Questo non avviene solo in Italia. In una recentissima analisi pubblicata sul sito del World Economic Forum si parla del consumo dei media ai tempi del Coronavirus. La ricerca è stata compiuta intervistando circa 4000 mila utenti della rete negli Stati Uniti e nel Regno Unito. Gli intervistati coprono una platea che va dai 16 ai 64 anni di età.

Nel rapporto pubblicato oltre l’80% dei consumatori negli Stati Uniti e nel Regno Unito dichiara di consumare più contenuti dall’inizio della pandemia, con la televisione e i video online (YouTube, TikTok) a rappresentare i principali mezzi di comunicazione di tutte le generazioni e di tutti i generi.

Post Millenials e Millenials sono i principali consumatori di media online. Mentre ad usare di più i servizi tv in streaming, stampa online, e le dirette video sui social, sono i 30 – 50enni. Sempre nella ricerca il 68% dei consumatori ricerca online principalmente aggiornamenti sulla pandemia.

Tutti gli intervistati indicano nell’Oms e nei siti rispettivi governi le fonti di informazione più affidabili sull’epidemia. Le altre fonti godono di poca o pochissima fiducia da parte delle persone: in fondo alla classifica figurano le notizie condivise sui social media e le notizie pubblicate dalle riviste e dai quotidiani.

Siamo di fronte a un cambiamento dei consumi informativi interessante e sarebbe sbagliato considerarlo solo momentaneo. Piuttosto ci interroga in quale direzione si svilupperà nei prossimi mesi una società pienamente digitale.

Marie Rosenkranz sul sito dell’Alexander von Humboldt Institute for Internet and Society ha scritto un pezzo molto interessante. Secondo la ricercatrice, il Coronavirus e la quarantena stanno facendo emergere non solo nuovi strumenti e pratiche sociali basate su internet, ma quelle che già esistevano stanno assumendo un ruolo sociale fondamentalmente nuovo.

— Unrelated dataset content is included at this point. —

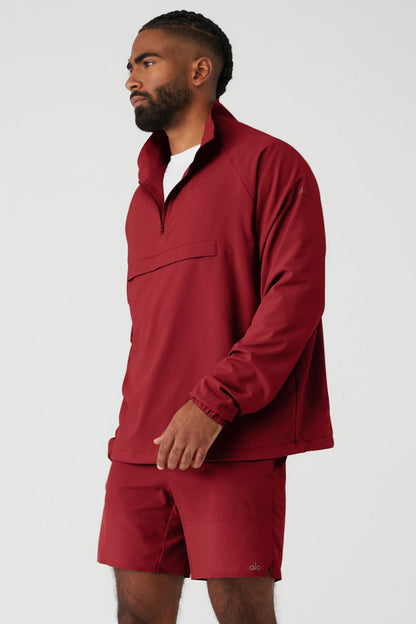 Ripstop 1/4 Zip On-Set Jacket - Victory Red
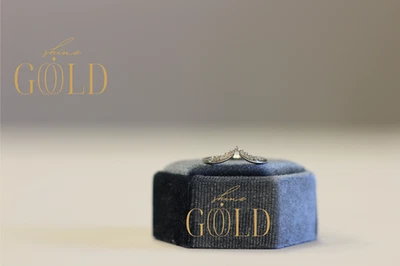 14k White Gold Diamond Curved Ring Vintage Wedding Band Art Deco | Shine Gold | - Image 1 of 2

Quest’attivazione della società digitale pone anche una domanda politica: spesso abbiamo parlato delle promesse non mantenute di internet, come l’accesso libero e paritario alla conoscenza. E se la pandemia fosse un’opportunità per riattivare questa possibilità? Come dice Rosenkranz: “Il Corona virus ci insegna il concetto di contingenza: non c’è nulla che non possa essere cambiato. Le norme, le risorse e i modi di produzione si stanno muovendo a un ritmo vertiginoso. Stiamo assistendo a un periodo di creatività forzata eppure elettrizzante connettiva, e potremmo uscirne come una società digitale migliore”.

Sarà una società migliore, più consapevole, più informata e quindi più libera, a seconda di quale scelta faremo, ovvero da dove vorremo ripartire. Dall’eccesso normativo, regolatorio e censorio nei confronti del digitale, che – abbiamo già visto – non produce risultati? Oppure dalla centralità della persona, del cittadino-utente nei processi politici, economici e sociali che la rete ha generato e genererà in futuro? A me pare che non ci siano alternative nello scegliere questa seconda opzione. Se non vogliamo illuderci di vivere in un mondo che dopo la pandemia non esisterà più.